**RECORDS**
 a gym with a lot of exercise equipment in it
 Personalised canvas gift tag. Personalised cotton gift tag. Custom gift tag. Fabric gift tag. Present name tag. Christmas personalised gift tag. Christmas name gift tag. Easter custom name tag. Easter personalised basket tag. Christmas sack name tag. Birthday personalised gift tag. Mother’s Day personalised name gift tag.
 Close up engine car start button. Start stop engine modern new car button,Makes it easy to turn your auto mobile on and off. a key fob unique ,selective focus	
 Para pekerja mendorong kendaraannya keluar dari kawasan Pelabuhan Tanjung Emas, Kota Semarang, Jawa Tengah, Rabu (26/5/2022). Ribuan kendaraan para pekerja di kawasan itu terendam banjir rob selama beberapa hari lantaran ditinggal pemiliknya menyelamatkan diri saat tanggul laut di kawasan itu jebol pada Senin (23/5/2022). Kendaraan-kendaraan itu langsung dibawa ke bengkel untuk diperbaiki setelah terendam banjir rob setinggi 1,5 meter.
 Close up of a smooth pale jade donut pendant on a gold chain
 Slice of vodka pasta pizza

**REQUIREMENT**
Go back to the start of the listing above. Reproduce each line exactly, ending with the line that contains "Personalised canvas gift".

**FINAL ANSWER**
 a gym with a lot of exercise equipment in it
 Personalised canvas gift tag. Personalised cotton gift tag. Custom gift tag. Fabric gift tag. Present name tag. Christmas personalised gift tag. Christmas name gift tag. Easter custom name tag. Easter personalised basket tag. Christmas sack name tag. Birthday personalised gift tag. Mother’s Day personalised name gift tag.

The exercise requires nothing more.